Start of Block

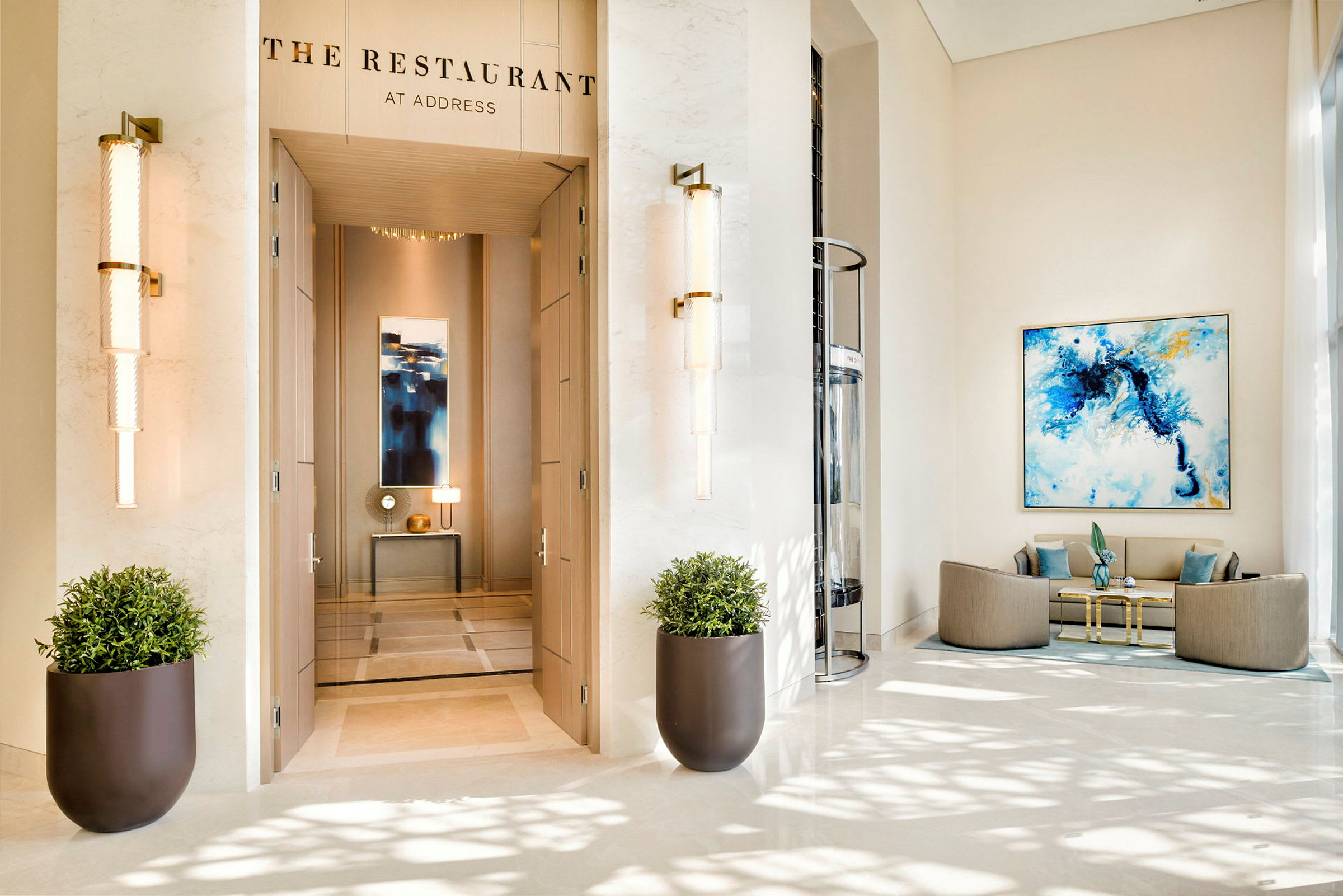 En elegant hotellobby med inngangen til "The Restaurant" synlig, to store blomsterpotter og en sittegruppe til høyre. (AI-generert tekst)
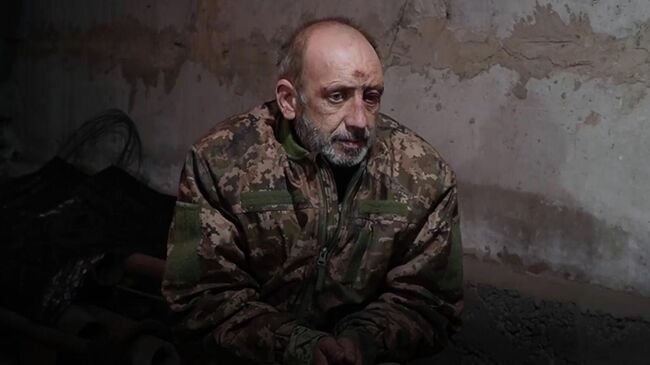 Украинский военнослужащий Николай Тимченко, взятый в плен у Красноармейска. Кадр видео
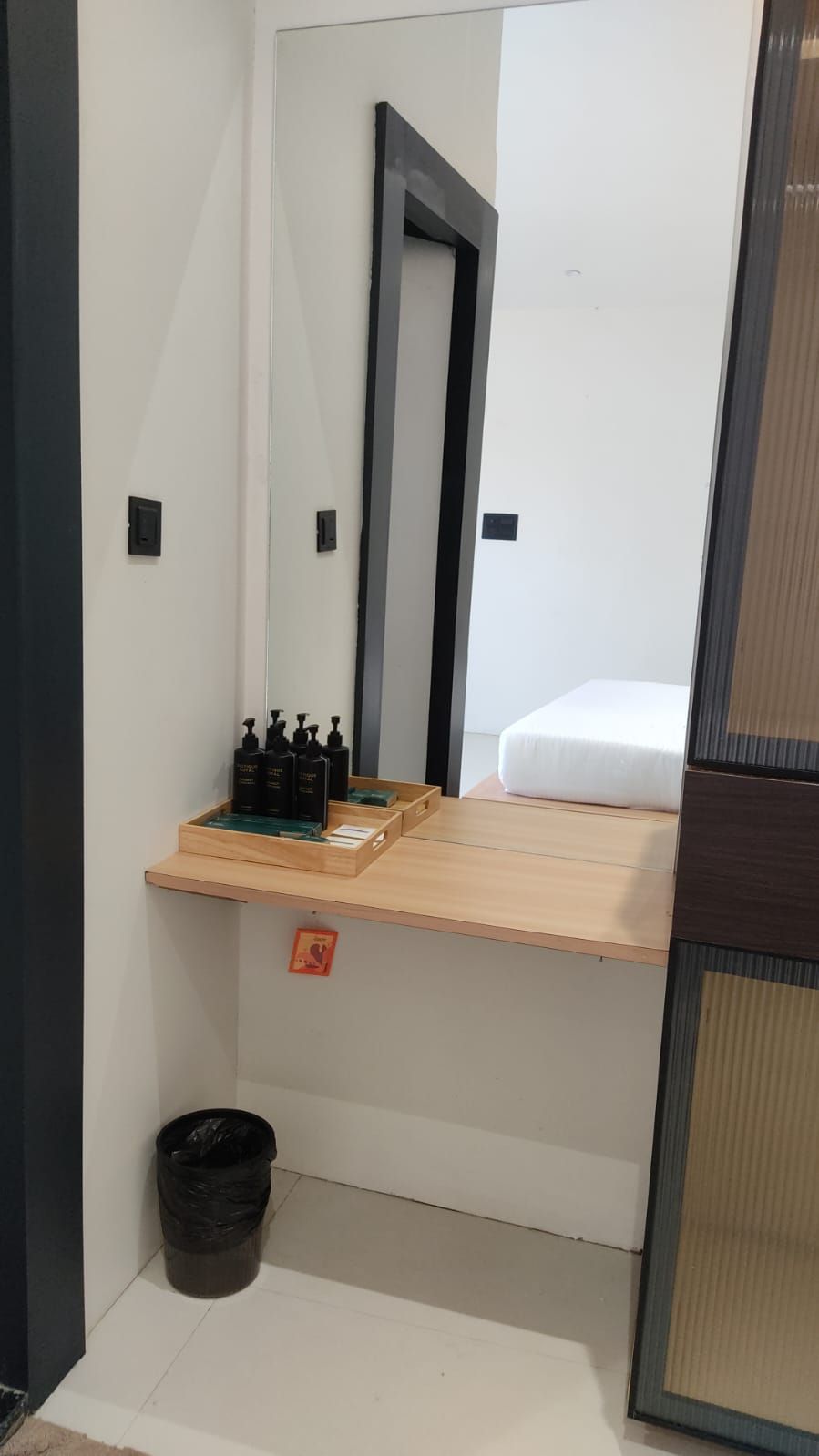 A small, compact room with a wooden shelf holding toiletries, a single bed, a mirror, and a trash bin.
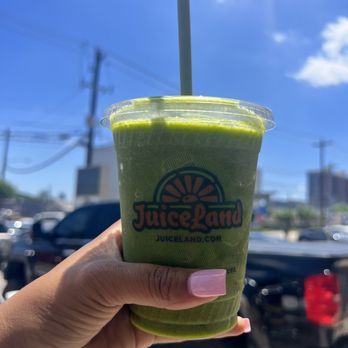 JuiceLand - a hand holding a green smoothie - Juice Bars & Smoothies Near Me - Houston, Texas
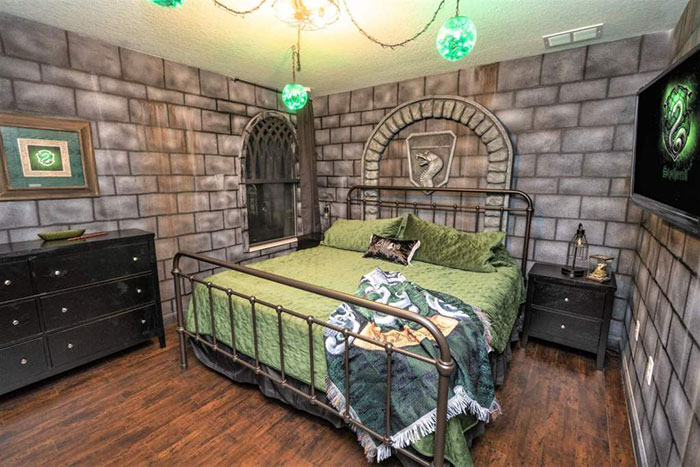 Habitación decorada con papel tapiz en forma de ladrillos grises con cobijas verdes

End of Block

WORK REQUIRED:
Print out all the material above exactly as it appears, omitting the images.

RESPONSE:
 En elegant hotellobby med inngangen til "The Restaurant" synlig, to store blomsterpotter og en sittegruppe til høyre. (AI-generert tekst)
 Украинский военнослужащий Николай Тимченко, взятый в плен у Красноармейска. Кадр видео
 A small, compact room with a wooden shelf holding toiletries, a single bed, a mirror, and a trash bin.
 JuiceLand - a hand holding a green smoothie - Juice Bars & Smoothies Near Me - Houston, Texas
 Habitación decorada con papel tapiz en forma de ladrillos grises con cobijas verdes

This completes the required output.